# RAW DATA:

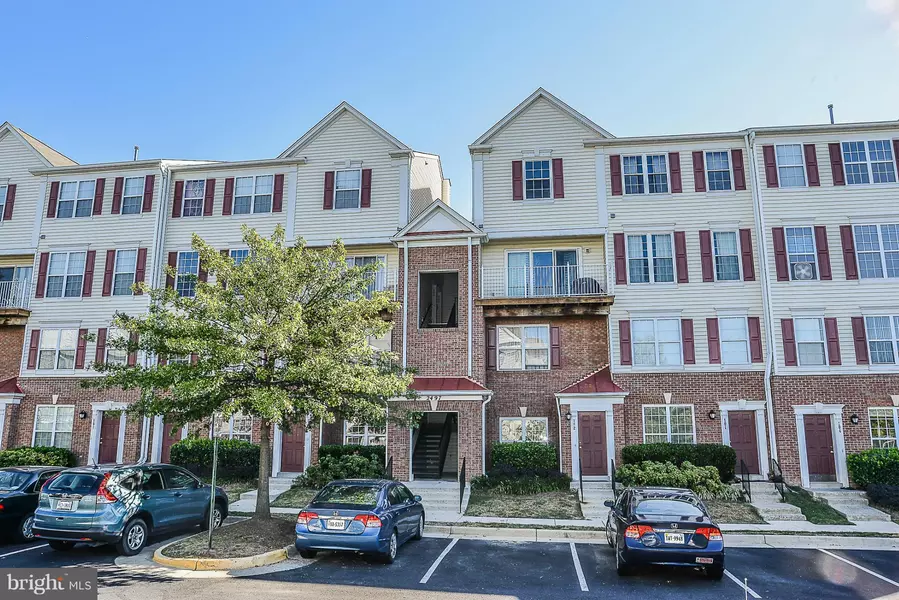 2497 ANGELINE DR #302, Herndon, VA 20171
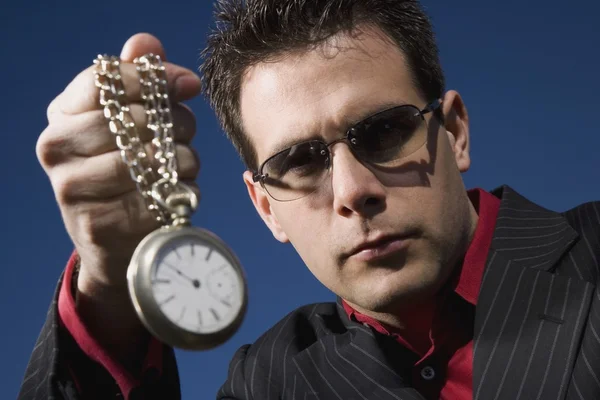 Un uomo che sorregge un orologio da tasca — Foto Stock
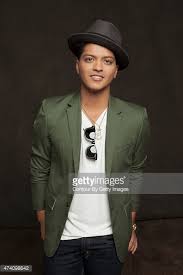 Billedresultat for bruno mars trilby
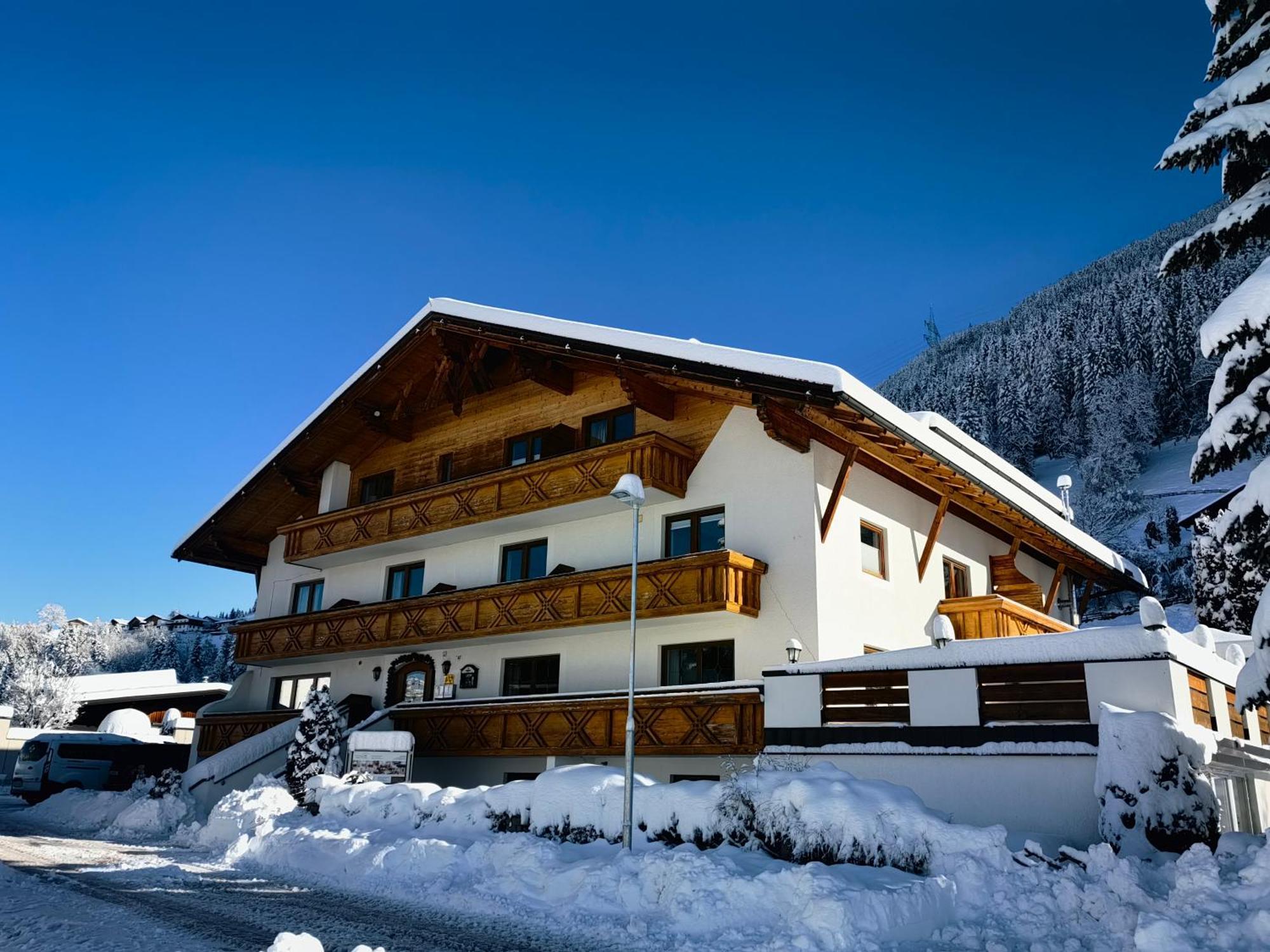 Apartments Pitztaler Nachtigall Arzl im Pitztal Exteriör bild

# WORK REQUIRED:
No pictures belong in the copy. Repeat the listing above exactly.

# WRITTEN SOLUTION:
 2497 ANGELINE DR #302, Herndon, VA 20171
 Un uomo che sorregge un orologio da tasca — Foto Stock
 Billedresultat for bruno mars trilby
 Apartments Pitztaler Nachtigall Arzl im Pitztal Exteriör bild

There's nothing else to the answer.